I asked a nearby grazier whether he knew anything of miscarriage of justice – he is one of those indispensable people, played rugby for Redcliffe, local rugby coach, chairman of a co-operative …. “I was falsely accused and they tried to put me out of business.” “What?” “Who?” “The government department handling vegetation.” “What trees have you been knocking down?”” “None.” Out of the blue he was charged with destroying protected trees. His solicitor advised him to plead guilty. This takes us straight to an alarming sickness pervading Australia. Lawyers out there are demoralised. I personally will have spoken in detail to twenty Queensland and New South Wales legal firms. Some of them are big names – especially in filing for damages. Against whom will some of these big names front up for damages? People such as ourselves. Anyone or anything, perhaps, barring a government department or a police force? Hyenas, attacking the weak, turning away when the big game arrive? Governments have endless money. Even if, as in Queensland’s case, it is borrowed at penalty rates – the Labour government having degraded the State’s credit rating. The honest lawyers who will take on a powerful or difficult adversary know it will cost the client too much.
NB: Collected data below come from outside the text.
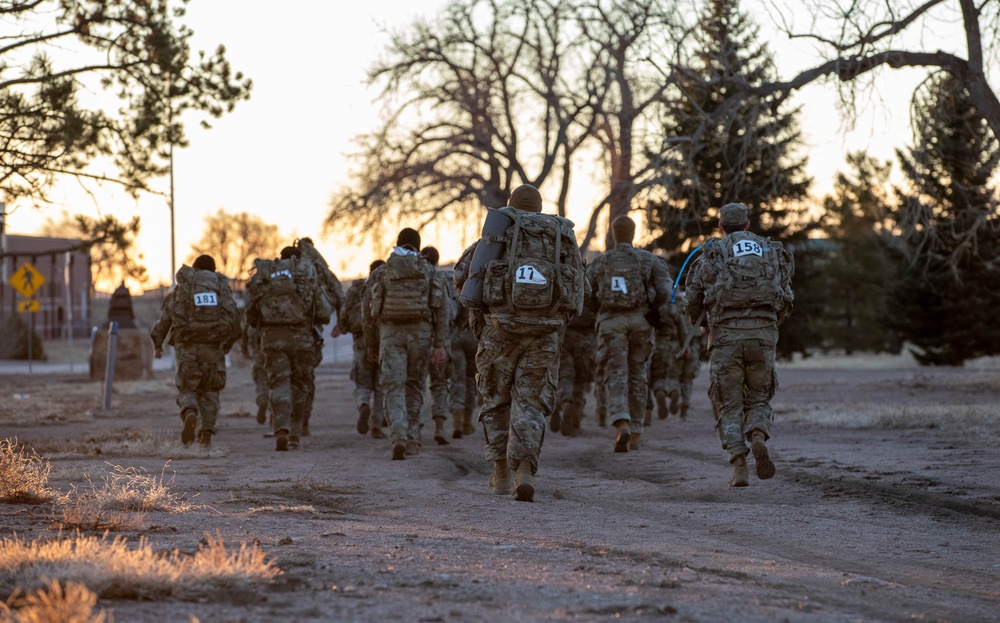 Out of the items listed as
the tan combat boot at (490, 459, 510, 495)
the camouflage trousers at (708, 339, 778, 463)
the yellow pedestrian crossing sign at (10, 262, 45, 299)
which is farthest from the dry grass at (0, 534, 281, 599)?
the yellow pedestrian crossing sign at (10, 262, 45, 299)

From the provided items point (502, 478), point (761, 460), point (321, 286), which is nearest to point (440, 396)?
point (321, 286)

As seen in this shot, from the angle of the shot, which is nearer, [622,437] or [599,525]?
[599,525]

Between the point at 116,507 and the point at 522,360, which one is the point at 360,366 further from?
the point at 116,507

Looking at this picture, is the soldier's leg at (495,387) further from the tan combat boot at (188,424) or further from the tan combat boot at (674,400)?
the tan combat boot at (674,400)

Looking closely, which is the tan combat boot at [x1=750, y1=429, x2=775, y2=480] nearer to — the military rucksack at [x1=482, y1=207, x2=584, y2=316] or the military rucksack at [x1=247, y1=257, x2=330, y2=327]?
the military rucksack at [x1=482, y1=207, x2=584, y2=316]

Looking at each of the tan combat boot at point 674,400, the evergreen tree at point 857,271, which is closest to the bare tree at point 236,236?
the evergreen tree at point 857,271

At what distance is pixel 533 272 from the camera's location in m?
8.80

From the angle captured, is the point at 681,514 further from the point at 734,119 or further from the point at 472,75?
the point at 472,75

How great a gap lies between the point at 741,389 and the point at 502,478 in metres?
1.91

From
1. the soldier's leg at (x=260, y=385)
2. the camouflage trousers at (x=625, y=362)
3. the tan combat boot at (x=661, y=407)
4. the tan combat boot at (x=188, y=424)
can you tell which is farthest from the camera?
the tan combat boot at (x=661, y=407)

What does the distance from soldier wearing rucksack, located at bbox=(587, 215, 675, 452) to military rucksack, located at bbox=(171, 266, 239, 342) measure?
3679 mm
It cost ‘the surf groper in the order of a million dollars. So plead guilty. Allow injustice to prevail. They are afraid of their own government and legal system. With good reason. So this grazier pled guilty. Fined in the region of $25,000. He assumed it was all over. It was not. He was then served notice of prosecution in the region of $80,000. How did it transpire? He travelled to Rockhampton (again) for his new prosecution, but upon arrival was notified the case was dismissed. They had figuratively been holding the vegetation map upside down or something such. He was in fact compensated in some measure by the government. He had gone close to being ruined.

I asked an employee of a nearby coal mine about miscarriage of justice. More surprises. He himself had narrowly escaped. The coal mine management did not entirely escape. It had been obliged to specially hire a female to assist in the process of dismissing another female! This now dismissed female was so accustomed to accusing males, it was deemed wise not to involve a male in her dismissal. One of her targets for sexual harassment accusations had been the young man to whom I was speaking. It was deduced that the accusing female had developed a grudge against this man’s uncle on the basis of some missing cattle – so took it out on the nephew! We see here an example of the vexatious predicaments honest police and employers face every day. Nursemaids to the salvation of every supposedly disadvantaged class of society, slaves to carry out political correctness and save the world. As a result, good people who start out to help others can be unwillingly mired in falsity. Police especially. The Good Book has it: “If a ruler hearken to lies, all his servants are [obliged to become] wicked.” The premise of some more recent Australian laws, Labour States fielding a fair share, is self deception. Hearkening to lies. A classic example of a State making its public servants (and everyone else!) wicked is the Victorian anti-vilification laws — refer Wake Up Australia, on this site. Aiming to scam more votes, whilst getting yourself to Heaven? Easy. Make us all good, by devising legislation. Crush evil with legal.